- [Problem details]: Copy the entries exactly, through the "now open neon" line.
⁂
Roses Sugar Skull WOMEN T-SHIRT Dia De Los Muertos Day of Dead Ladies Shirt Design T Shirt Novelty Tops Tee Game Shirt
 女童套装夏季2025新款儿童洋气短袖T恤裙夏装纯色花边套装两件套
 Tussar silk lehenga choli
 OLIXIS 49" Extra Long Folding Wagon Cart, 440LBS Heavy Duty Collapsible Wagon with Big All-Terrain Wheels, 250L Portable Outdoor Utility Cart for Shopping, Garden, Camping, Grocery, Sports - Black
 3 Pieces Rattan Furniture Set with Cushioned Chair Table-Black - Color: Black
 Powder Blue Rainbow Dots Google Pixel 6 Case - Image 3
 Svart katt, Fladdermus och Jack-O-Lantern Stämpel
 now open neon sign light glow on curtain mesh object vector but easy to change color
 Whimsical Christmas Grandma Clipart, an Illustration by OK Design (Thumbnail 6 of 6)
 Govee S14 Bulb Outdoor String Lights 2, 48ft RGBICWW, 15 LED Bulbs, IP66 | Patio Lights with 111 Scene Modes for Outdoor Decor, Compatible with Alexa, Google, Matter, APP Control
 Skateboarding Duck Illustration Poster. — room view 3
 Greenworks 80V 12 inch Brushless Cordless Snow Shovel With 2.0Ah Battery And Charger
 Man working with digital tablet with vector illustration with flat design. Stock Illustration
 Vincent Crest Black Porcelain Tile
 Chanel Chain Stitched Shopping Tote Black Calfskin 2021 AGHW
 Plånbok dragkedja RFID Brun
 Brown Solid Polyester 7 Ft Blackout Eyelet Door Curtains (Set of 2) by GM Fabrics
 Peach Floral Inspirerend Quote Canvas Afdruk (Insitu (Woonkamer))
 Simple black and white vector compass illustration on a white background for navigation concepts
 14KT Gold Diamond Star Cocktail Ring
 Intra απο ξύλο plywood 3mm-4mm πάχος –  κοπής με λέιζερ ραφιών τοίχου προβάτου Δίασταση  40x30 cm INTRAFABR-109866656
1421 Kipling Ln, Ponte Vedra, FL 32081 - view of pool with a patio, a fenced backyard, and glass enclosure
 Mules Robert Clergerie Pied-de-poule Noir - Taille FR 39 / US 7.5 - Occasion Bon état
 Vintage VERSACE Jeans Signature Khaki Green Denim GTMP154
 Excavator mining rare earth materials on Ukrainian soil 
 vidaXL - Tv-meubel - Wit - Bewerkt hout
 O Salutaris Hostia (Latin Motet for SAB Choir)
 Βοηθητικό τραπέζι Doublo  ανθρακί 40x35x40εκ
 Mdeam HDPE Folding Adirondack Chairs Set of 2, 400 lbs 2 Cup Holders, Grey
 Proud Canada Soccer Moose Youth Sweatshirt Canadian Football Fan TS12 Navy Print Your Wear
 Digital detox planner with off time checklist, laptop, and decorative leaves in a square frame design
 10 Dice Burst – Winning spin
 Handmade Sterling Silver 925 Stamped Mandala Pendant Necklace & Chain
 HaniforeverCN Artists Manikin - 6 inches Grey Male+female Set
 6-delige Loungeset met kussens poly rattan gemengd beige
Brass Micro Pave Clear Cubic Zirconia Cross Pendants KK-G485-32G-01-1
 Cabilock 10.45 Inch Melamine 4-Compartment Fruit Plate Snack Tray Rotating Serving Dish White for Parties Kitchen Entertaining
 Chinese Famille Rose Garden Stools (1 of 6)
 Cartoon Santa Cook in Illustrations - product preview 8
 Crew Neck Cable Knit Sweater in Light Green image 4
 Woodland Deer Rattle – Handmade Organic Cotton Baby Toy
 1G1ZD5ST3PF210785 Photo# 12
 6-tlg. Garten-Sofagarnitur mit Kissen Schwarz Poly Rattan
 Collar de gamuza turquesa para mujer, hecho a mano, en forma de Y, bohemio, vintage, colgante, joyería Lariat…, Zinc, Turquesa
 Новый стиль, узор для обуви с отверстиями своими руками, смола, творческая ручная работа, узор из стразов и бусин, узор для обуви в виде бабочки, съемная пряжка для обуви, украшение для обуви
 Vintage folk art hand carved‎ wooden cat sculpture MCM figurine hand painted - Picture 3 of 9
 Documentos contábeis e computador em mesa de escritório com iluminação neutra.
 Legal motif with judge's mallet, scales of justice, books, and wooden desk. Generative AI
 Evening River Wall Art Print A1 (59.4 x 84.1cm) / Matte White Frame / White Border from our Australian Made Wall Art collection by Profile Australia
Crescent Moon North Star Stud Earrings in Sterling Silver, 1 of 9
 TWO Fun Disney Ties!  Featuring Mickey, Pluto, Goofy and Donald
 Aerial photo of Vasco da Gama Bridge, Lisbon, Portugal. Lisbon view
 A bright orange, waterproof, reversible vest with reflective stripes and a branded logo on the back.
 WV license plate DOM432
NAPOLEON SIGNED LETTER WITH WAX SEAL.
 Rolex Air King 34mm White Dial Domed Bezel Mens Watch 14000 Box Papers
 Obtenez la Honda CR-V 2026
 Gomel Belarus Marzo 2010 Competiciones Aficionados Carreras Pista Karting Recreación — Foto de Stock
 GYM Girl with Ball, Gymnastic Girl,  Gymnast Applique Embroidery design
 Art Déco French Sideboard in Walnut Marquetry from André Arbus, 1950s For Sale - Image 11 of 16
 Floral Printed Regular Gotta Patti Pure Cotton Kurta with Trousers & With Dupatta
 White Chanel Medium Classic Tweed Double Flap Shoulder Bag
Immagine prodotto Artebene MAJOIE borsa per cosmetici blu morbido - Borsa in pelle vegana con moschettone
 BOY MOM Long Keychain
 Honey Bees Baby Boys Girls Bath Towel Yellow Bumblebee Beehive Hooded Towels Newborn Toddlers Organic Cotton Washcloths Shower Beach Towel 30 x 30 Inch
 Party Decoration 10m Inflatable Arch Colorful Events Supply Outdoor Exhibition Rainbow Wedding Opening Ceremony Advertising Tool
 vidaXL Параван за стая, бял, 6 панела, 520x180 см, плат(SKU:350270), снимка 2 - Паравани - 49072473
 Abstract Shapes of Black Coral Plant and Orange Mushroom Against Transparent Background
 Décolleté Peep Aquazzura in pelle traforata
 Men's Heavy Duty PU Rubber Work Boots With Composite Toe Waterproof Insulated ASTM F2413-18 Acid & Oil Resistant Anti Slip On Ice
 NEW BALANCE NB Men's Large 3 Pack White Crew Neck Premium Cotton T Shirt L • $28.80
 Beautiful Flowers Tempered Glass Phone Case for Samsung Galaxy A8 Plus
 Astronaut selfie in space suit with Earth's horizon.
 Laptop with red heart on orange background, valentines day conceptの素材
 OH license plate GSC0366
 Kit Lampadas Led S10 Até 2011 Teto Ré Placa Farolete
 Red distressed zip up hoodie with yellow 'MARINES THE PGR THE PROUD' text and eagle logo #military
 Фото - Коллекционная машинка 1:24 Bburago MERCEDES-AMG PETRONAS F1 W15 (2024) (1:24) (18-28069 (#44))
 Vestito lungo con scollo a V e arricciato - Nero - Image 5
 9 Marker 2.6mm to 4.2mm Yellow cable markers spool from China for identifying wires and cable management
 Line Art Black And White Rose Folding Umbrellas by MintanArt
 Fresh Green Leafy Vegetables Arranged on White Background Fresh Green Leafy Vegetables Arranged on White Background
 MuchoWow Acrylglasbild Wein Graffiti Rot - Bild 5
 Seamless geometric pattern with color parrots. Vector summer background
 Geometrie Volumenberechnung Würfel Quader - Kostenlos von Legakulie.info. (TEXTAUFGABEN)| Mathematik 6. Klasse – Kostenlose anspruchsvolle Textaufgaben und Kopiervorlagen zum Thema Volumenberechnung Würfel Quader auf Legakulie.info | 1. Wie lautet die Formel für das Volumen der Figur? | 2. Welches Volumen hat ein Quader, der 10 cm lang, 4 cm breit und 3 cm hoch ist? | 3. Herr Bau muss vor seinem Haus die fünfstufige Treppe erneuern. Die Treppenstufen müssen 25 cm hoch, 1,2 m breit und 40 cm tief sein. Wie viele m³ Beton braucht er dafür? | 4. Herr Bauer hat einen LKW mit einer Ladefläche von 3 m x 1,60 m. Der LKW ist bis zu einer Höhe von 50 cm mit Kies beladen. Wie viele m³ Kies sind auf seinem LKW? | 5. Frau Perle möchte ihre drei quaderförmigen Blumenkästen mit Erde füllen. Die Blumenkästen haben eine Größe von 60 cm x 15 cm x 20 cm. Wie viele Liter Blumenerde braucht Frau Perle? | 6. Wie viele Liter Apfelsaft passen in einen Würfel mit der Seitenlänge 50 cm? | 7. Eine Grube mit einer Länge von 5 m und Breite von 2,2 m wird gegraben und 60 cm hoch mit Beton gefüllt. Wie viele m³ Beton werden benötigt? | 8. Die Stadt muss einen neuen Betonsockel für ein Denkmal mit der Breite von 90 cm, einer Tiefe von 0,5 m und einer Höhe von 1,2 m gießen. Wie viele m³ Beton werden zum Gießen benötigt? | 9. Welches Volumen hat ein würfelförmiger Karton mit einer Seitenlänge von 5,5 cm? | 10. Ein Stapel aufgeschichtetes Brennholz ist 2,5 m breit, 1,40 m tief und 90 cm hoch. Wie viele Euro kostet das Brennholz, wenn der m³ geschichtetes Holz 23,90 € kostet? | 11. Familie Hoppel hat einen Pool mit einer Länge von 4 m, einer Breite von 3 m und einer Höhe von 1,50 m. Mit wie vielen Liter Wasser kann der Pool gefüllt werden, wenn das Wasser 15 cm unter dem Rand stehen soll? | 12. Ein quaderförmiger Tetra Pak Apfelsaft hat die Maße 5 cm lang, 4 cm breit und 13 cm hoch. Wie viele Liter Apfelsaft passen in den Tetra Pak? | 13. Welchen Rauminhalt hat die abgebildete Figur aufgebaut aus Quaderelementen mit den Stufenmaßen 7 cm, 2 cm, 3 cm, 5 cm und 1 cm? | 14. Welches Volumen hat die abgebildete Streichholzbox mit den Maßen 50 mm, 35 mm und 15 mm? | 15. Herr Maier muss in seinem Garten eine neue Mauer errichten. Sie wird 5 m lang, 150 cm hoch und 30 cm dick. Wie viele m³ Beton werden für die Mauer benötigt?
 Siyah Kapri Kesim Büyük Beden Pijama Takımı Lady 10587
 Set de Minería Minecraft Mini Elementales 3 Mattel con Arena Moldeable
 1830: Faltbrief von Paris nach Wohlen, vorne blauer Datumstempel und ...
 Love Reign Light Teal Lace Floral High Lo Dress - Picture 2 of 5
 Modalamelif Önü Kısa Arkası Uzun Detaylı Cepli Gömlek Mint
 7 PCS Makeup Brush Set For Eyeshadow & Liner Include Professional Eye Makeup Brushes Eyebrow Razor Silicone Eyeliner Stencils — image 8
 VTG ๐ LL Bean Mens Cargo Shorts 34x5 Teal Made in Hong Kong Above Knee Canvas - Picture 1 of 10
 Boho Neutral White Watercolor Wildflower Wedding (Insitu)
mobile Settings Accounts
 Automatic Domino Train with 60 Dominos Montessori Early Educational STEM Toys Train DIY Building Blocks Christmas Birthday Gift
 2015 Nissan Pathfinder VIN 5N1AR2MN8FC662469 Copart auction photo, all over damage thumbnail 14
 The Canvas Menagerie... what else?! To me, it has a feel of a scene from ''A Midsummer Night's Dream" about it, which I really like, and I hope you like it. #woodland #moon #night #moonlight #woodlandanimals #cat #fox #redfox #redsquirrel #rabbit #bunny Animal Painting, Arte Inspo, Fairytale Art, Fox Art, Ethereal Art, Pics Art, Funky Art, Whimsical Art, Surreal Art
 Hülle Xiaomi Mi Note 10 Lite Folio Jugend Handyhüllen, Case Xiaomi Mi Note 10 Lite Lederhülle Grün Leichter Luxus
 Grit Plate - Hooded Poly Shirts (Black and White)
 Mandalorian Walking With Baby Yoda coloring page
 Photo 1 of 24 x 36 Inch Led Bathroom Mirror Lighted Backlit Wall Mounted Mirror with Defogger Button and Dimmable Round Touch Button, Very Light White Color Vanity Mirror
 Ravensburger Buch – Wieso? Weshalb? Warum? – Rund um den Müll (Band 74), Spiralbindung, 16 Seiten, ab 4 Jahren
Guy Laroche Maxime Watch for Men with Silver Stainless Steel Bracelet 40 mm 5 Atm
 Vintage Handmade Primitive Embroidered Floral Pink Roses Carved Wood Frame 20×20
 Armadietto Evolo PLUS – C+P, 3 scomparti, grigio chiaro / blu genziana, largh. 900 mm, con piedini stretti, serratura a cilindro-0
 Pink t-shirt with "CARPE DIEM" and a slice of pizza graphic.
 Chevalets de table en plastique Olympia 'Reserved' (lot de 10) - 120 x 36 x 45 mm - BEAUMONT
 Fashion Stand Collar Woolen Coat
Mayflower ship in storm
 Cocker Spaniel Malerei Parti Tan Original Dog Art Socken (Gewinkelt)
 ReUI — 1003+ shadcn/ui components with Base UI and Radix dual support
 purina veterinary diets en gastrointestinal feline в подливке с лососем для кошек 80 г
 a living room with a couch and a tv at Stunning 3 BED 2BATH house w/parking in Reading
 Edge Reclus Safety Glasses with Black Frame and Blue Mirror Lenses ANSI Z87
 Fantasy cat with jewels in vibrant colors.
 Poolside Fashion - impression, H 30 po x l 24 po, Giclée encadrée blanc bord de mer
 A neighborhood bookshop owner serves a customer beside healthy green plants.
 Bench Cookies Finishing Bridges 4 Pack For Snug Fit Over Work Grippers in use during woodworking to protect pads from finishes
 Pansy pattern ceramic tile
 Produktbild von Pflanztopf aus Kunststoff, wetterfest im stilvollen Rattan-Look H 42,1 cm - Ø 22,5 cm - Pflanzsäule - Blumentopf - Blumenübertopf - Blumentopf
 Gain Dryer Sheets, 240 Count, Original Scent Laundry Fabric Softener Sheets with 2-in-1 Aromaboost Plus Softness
⁂
- [Final answer]:
Roses Sugar Skull WOMEN T-SHIRT Dia De Los Muertos Day of Dead Ladies Shirt Design T Shirt Novelty Tops Tee Game Shirt
 女童套装夏季2025新款儿童洋气短袖T恤裙夏装纯色花边套装两件套
 Tussar silk lehenga choli
 OLIXIS 49" Extra Long Folding Wagon Cart, 440LBS Heavy Duty Collapsible Wagon with Big All-Terrain Wheels, 250L Portable Outdoor Utility Cart for Shopping, Garden, Camping, Grocery, Sports - Black
 3 Pieces Rattan Furniture Set with Cushioned Chair Table-Black - Color: Black
 Powder Blue Rainbow Dots Google Pixel 6 Case - Image 3
 Svart katt, Fladdermus och Jack-O-Lantern Stämpel
 now open neon sign light glow on curtain mesh object vector but easy to change color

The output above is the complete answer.